Pilkada telah menetas satu pasangan untuk menunggangi masing-masing daerah otonom pada satu masa periode mendatang.
Namun, acapkali dalam event seperti ini tak heran banyak menimbulkan jejak yang tidak mengenakan salah satu pihak.
Demikian rentan hujatan menyorot dari berbagai sudut, dari berbagai arah hingga bahkan dari berbagai kalangan.
Melirik hal semacam ini seolah menjadi watak kedua yang biasa di sebut kebiasaan pada masyarakat Indonesia.
Ketidak puasan dalam menerima hal terbaik dari Tuhan menjadi ilat atau penyakit jiwa yang seharusnya di benahi sejak dini, sebelum membangun badan.

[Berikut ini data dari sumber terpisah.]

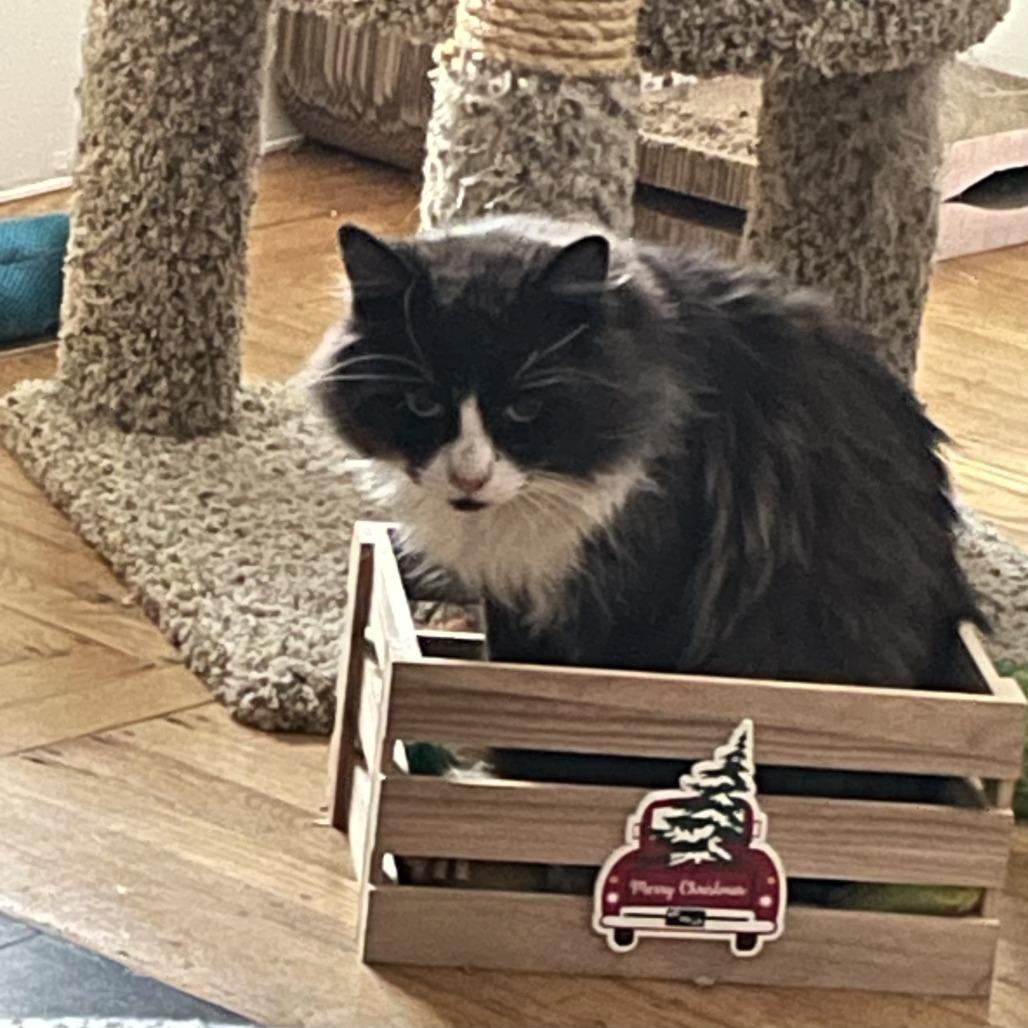 MARSHALL — thumbnail 3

Tapi rupanya serangan-serangan nafsu manusia lebih awal membidik sasaran hati manusia.
Manusiawi memang, tapi alangkah indah ketika kaki terpijak dan melangkah pada skema Tuhan yang tepat. Eksistensi semacam ini yang sering di abaikan hingga esensinya menjadi tersisihkan.

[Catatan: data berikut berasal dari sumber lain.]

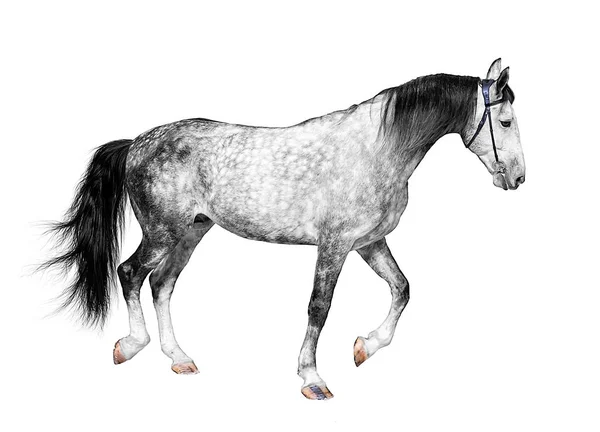 Młody Frywolny Ogier Szary Biały Kolor Koń Stojący Białym Tle — Zdjęcie stockowe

Belajar dari sejarah, kini bukan menjadi acuan orientasi untuk betul-betul menjunjung tinggi kesejahteraan, mencerdaskan kehidupan bangsa dan ikut dalam ketertiban dunia, yang menjadi tujuan serta telah termaktub dalam susunan UUD 1945.

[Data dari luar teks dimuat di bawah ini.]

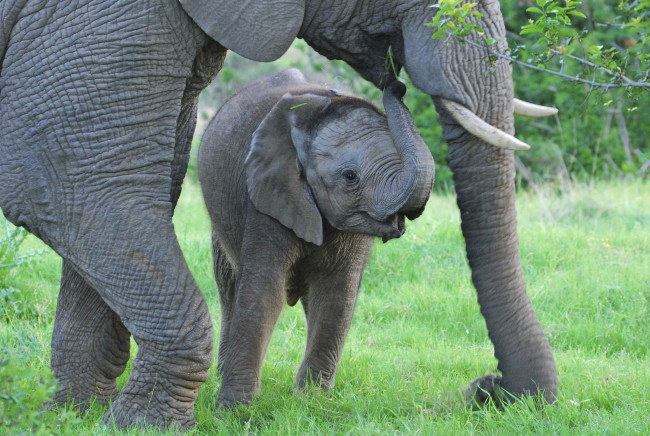 Обои картинки фото животные, слоны, слоненок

Buktinya masih merajalela kemiskinan dan pengangguran yang sudah menjadi ikon masyarakat terpencil tanpa adanya perhatian lebih dari pemerintah.
Bagaimana bisa ikut serta dalam menertibkan dunia ? toh di wilayah sendiri serangan dalam maupun luar masih bebas menelisik cela-cela nusantara!
Pada saat ini, detik-detik menunggu harapan bangsa dari sumpah yang di jewantahkan oleh setiap kepala daerah terpilih, mau di bawa kemana ?
Akan di bentuk seperti apa daerahnya masing-masing. Tak sedikit kepala daerah periode sebelumnya unjuk gigi dan keluar menjadi nahkoda kembali. Maka mau tidak mau harus menjadi lebih baik bukan lagi saatnya bereksperimen.